Но холод гонит нас из мастерской в соседнюю комнату - столовую, где потрескивает печурка. Там, за обеденным столом, бездомный крымский помещик, которого Волошин приютил. Перед ним годовой комплект "Temps" пятилетней, а то и большей давности. Вытянув подагрические ноги на другой стул, он, когда-то частый гость парижских бульваров, услаждается новостями оттуда, даже забывает брюзжать на "проклятых товарищей".
- Ого, Максимилиан Александрович, послушайте-ка, что они в Одеоне ставят...
Смеющимися глазами Волошин поглядывает на меня. Мы устраиваемся на другом конце того же стола - тетради, книги перед нами. Он читает свои последние стихи, обсуждаем их. Читает новых поэтов, толкует мне их.

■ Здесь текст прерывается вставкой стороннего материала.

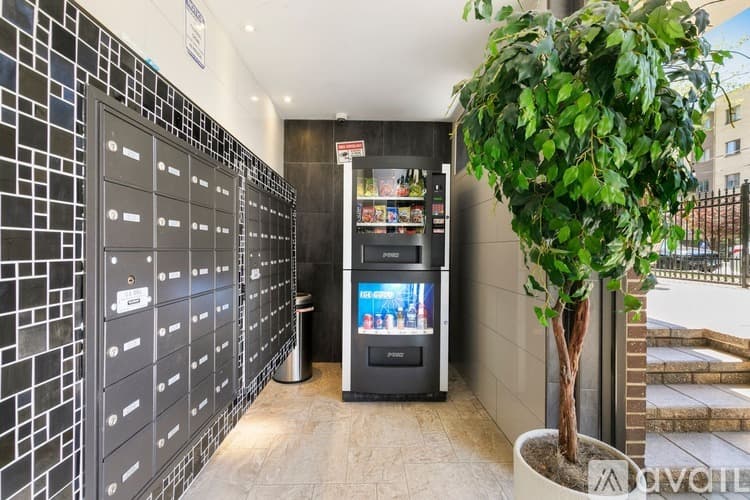 Chicago Apartment: 6001 N Kenmore Ave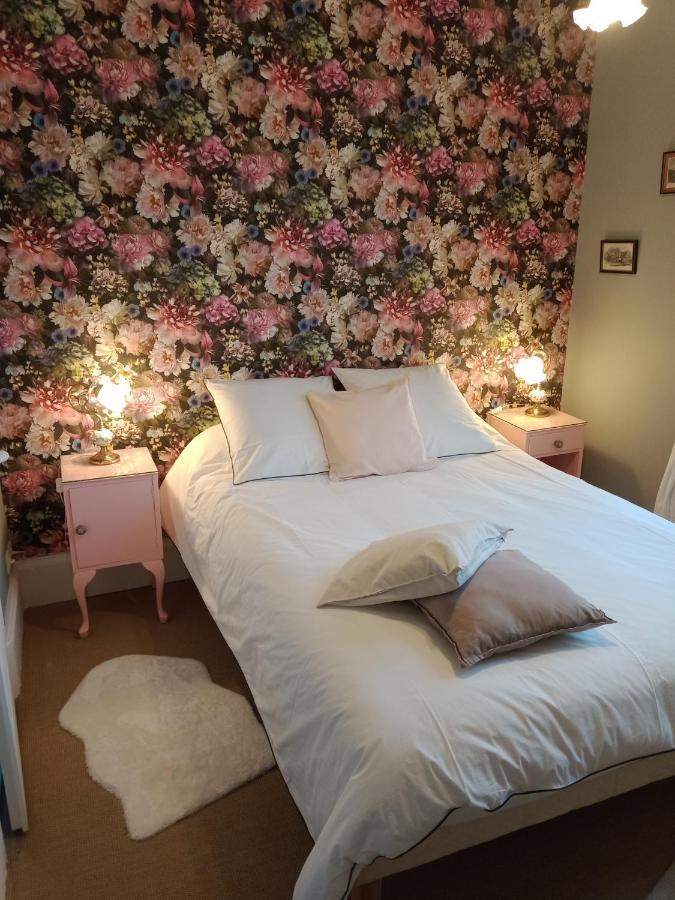 Le Paris Londres Bed & Breakfast Mesnieres-en-Bray Room photo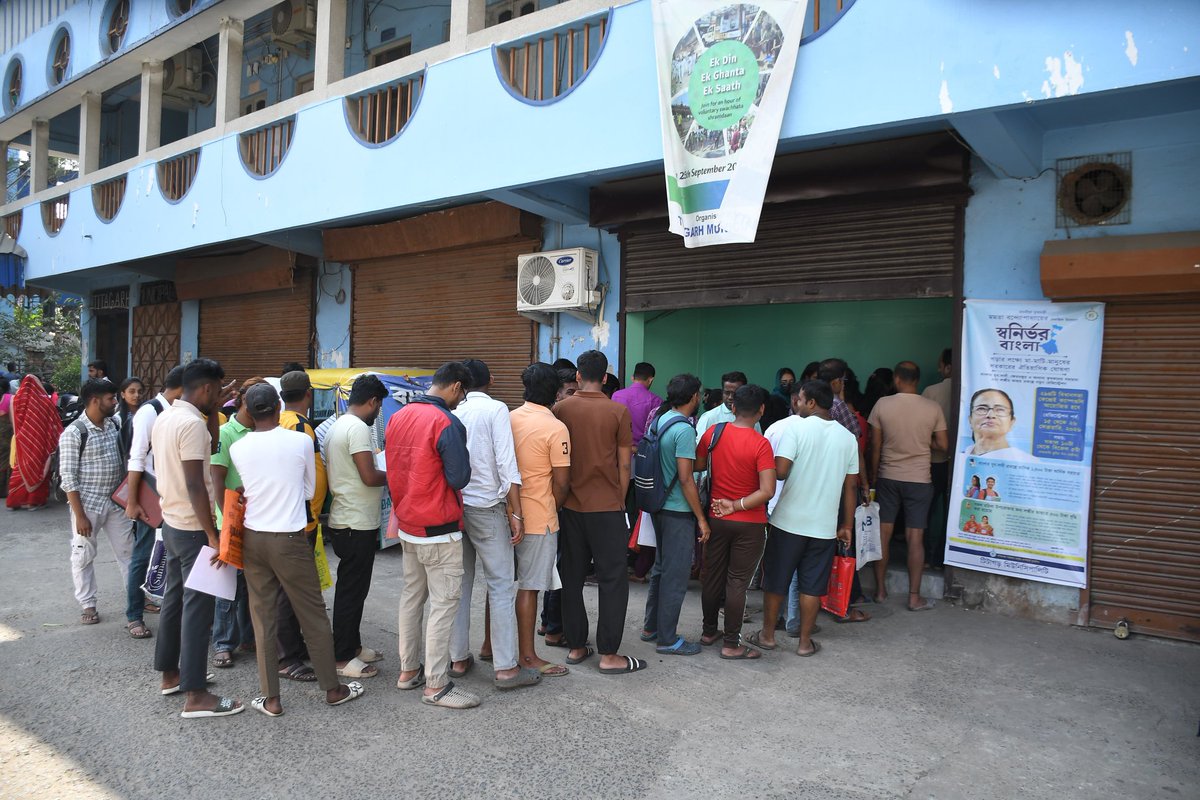 স্বনির্ভর বাংলা গড়ার লক্ষ্যে পশ্চিমবঙ্গ সরকারের ঐতিহাসিক পদক্ষেপ। বাংলার যুব-সাথী, ক্ষেতমজুর ও অন্যান্য কৃষকদের সহায়তা প্রদান। 
চলছে আবেদন। মানুষের দীর্ঘ লাইন।
টিটাগড় পৌরসভার ছবি।
#RegistrationCamp
#EgiyeBangla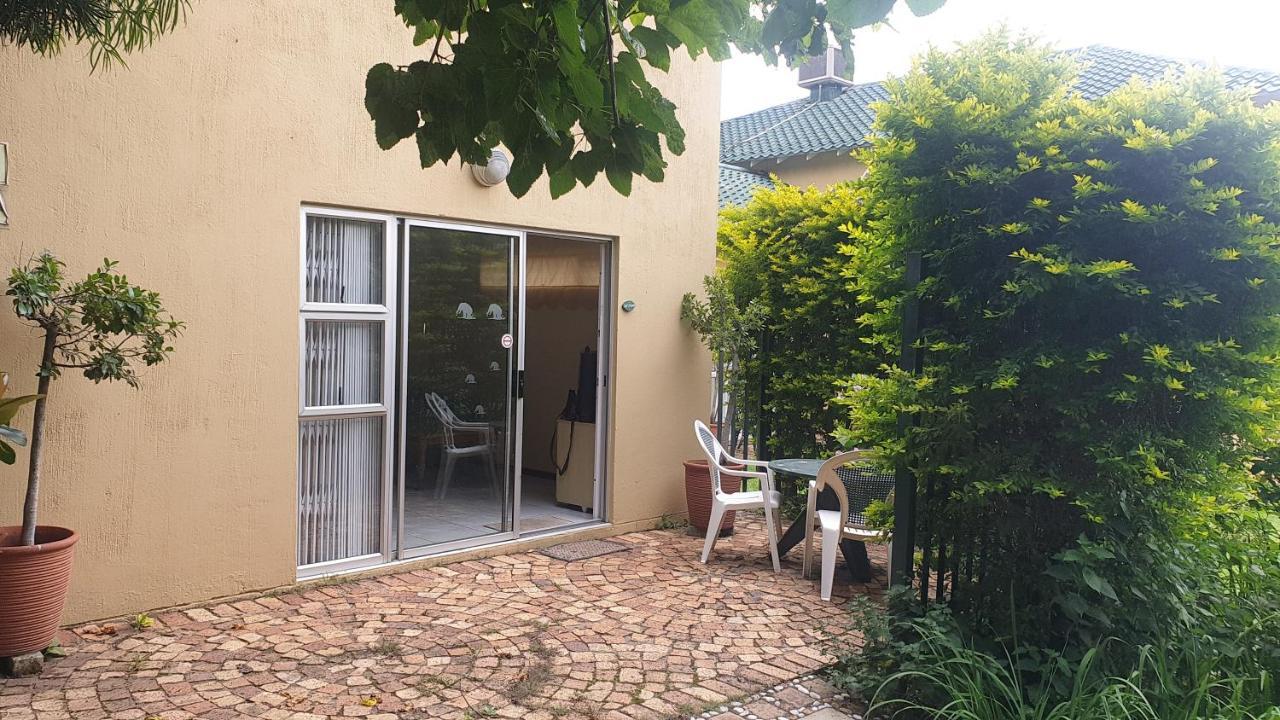 Matina Guest House Йоханесбург Екстериор снимка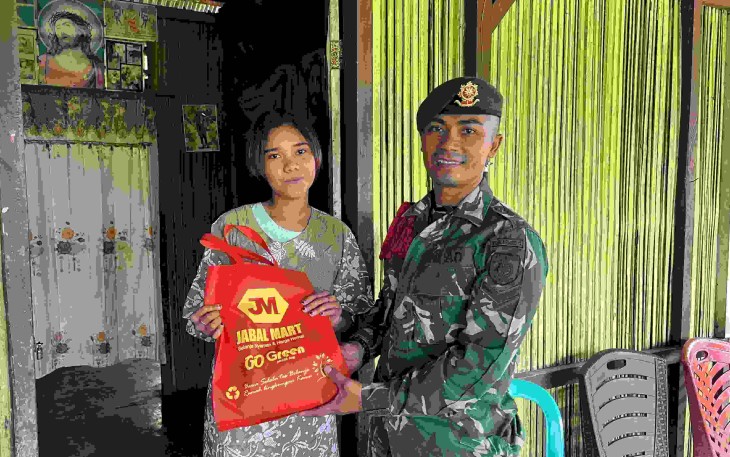 Aksi sosial hari Kartini di perbatasan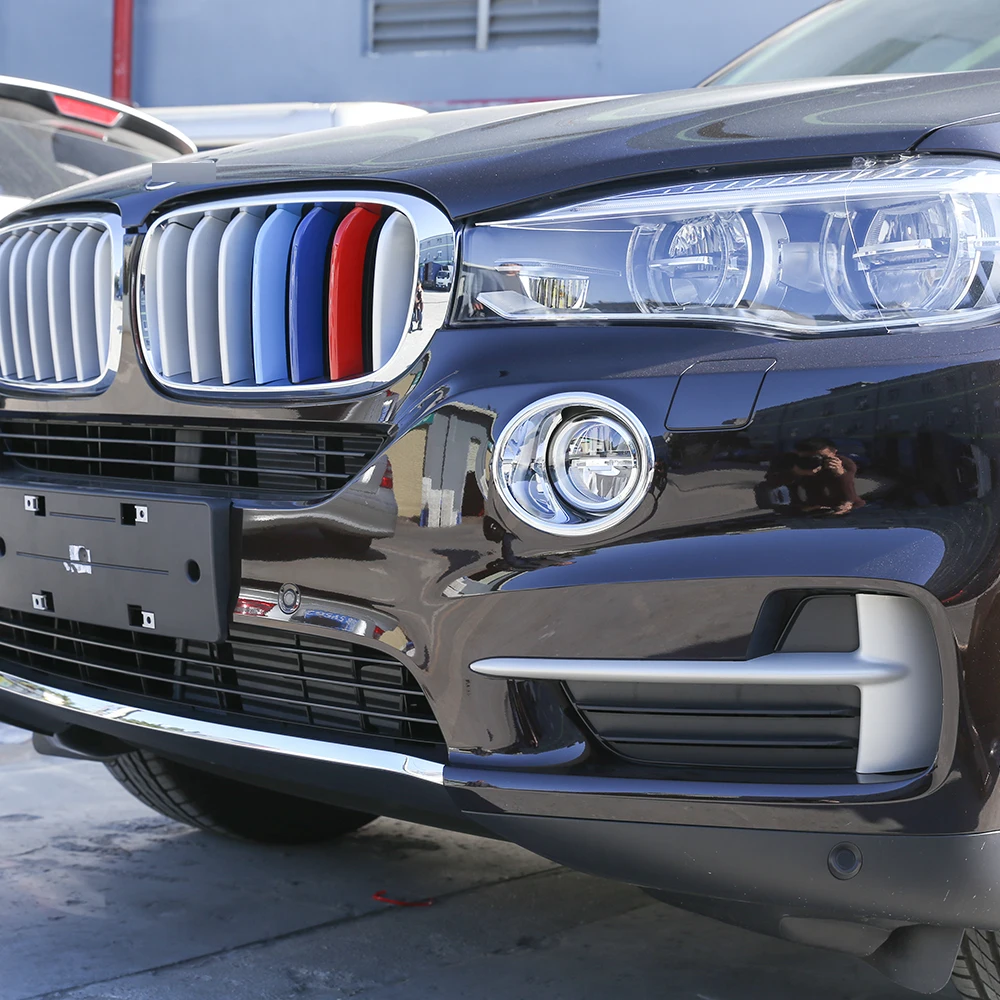 Наклейка на крысветильник противотуманной фары для BMW X5 f15 2014 2016 2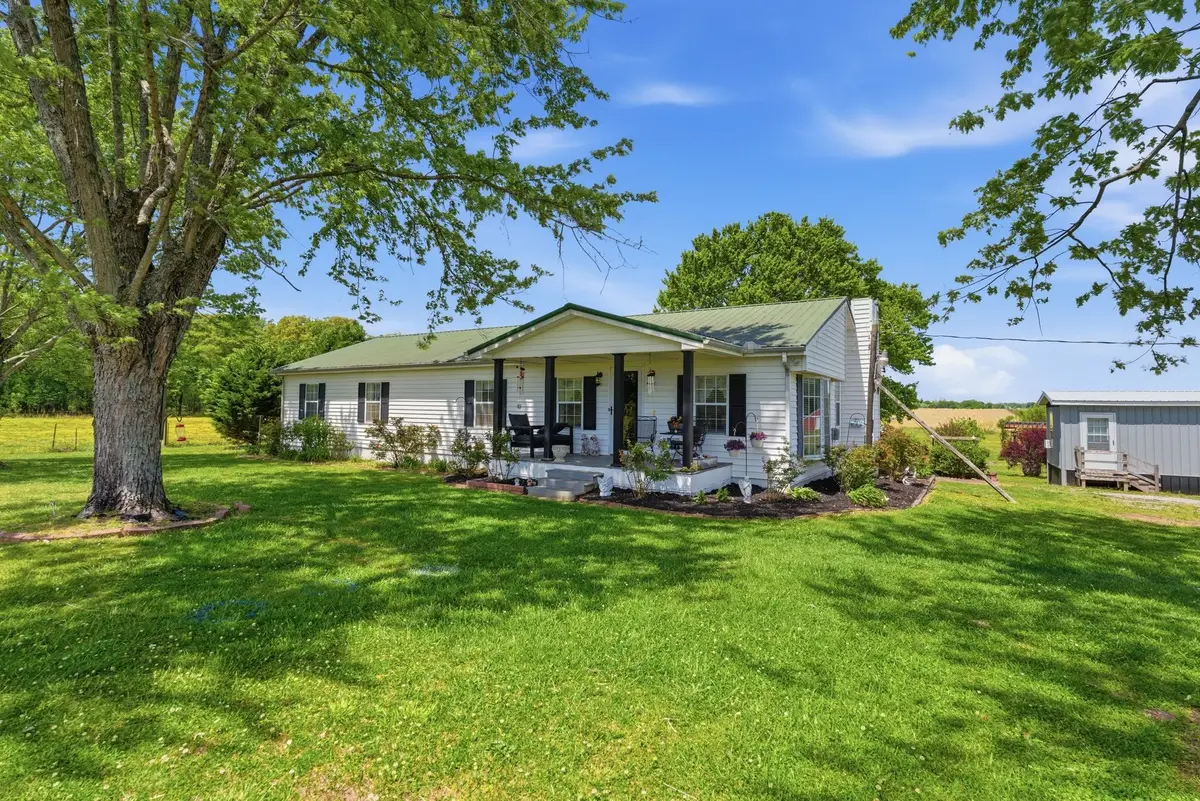 404 Logan Chapel Rd, Hillsboro, TN 37342 - #1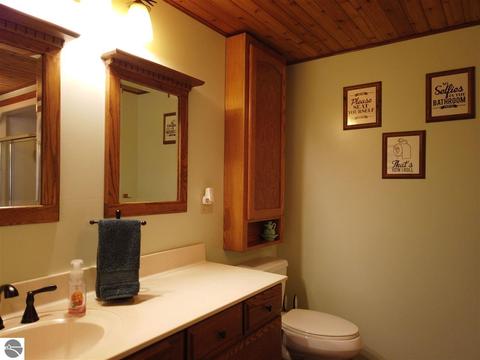 7050 Meredith Grade, Harrison, MI 48625 photo 15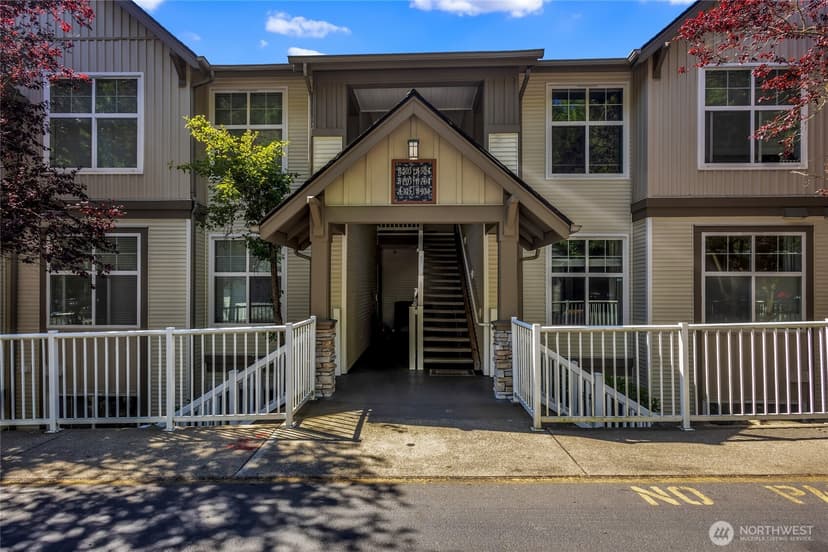 Property photo for 23420 SE Black Nugget Rd #A204, Issaquah photo 25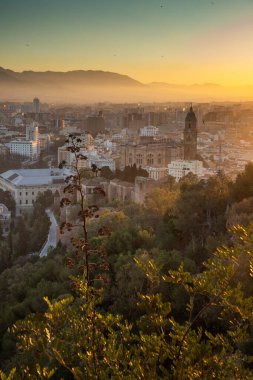 Gün batımı pankartıyla Malaga 'ya bak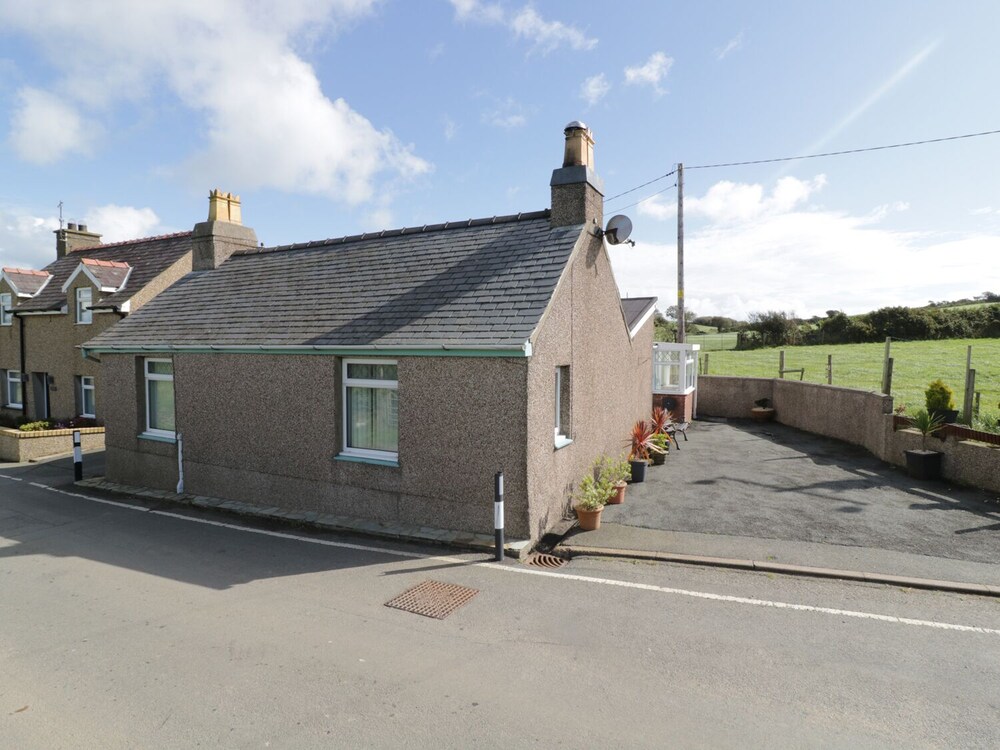 Trigfa Cottage view 2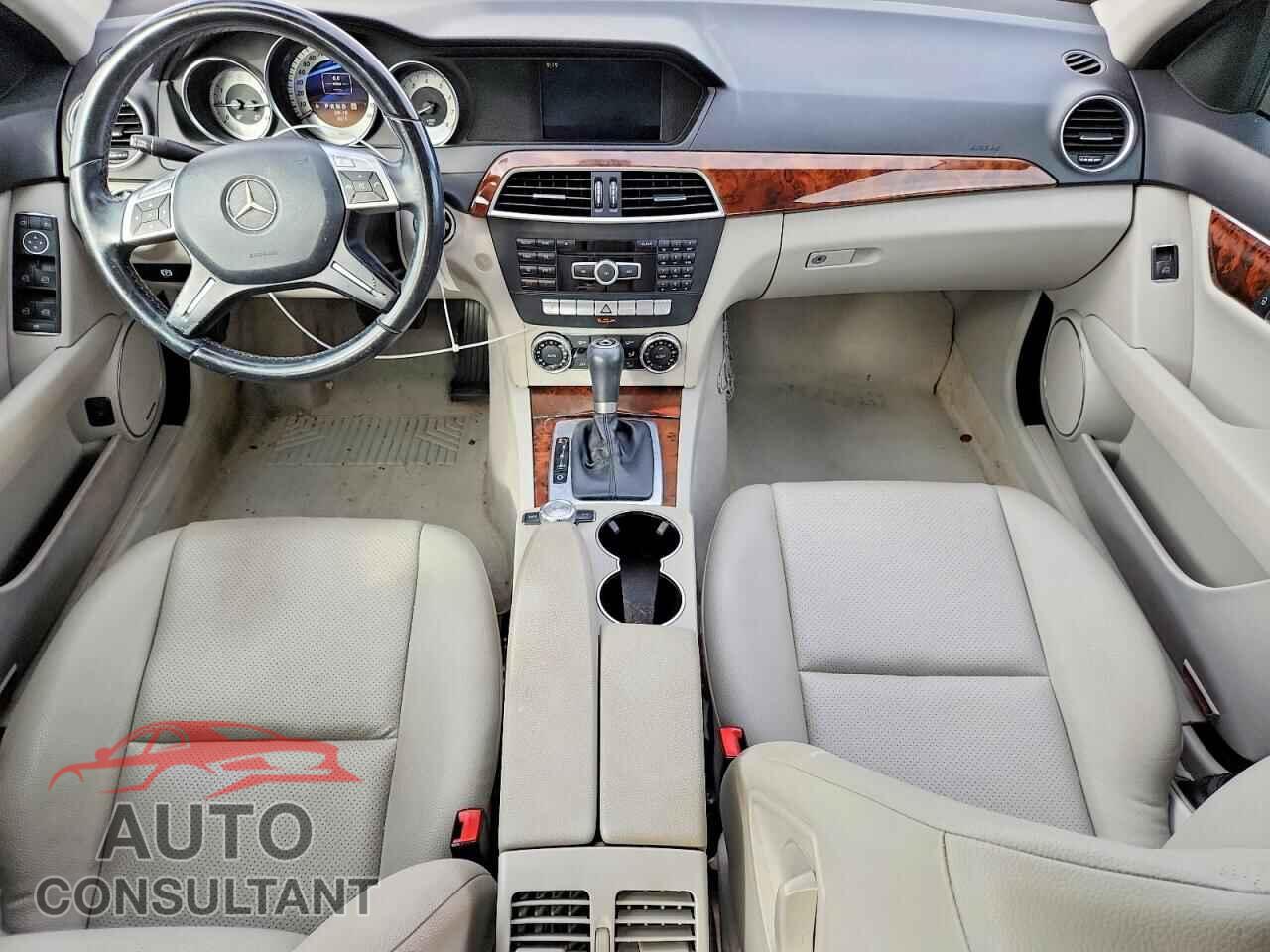MERCEDES-BENZ C-CLASS 2012 - WDDGF8BB0CA650414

Потом у керосинки разогреваем обед. Мария Степановна, жена его суровая и заботливая подруга последних лет, - уехав по делам, наварила на два дня. Темнеет. С лампой в руках, укутавшись шалями, бродим вдоль книжных полок в его мастерской. Волошин выискивает мне интересные новинки. Мелькают книги нашей молодости... И за полночь засиживаемся, говоря уже не о книгах, о людях, близких и далеких, о судьбах, о смертях. Свои вправду мудрые и простые слова он по-старому выражает нарочито парадоксально. Что это? Прихоть? Декадентский навык? Стыдливость души, стыдящейся быть большой?
И вот последняя страничка о Волошине.
В ноябре 28-го года мы всей семьей уезжали из Судака, навсегда покинули его. Нам вслед конверт из Коктебеля с акварелями: "Посылаю всем экспатриированным по акварельке для помощи в минуты сурожской ностальгии". Сурож, Сугдея, Сольдайа - так в разные века и разные народы называли Судак.
Привожу выдержки [из] нескольких писем Волошина, рисующих быт его предпоследней зимы.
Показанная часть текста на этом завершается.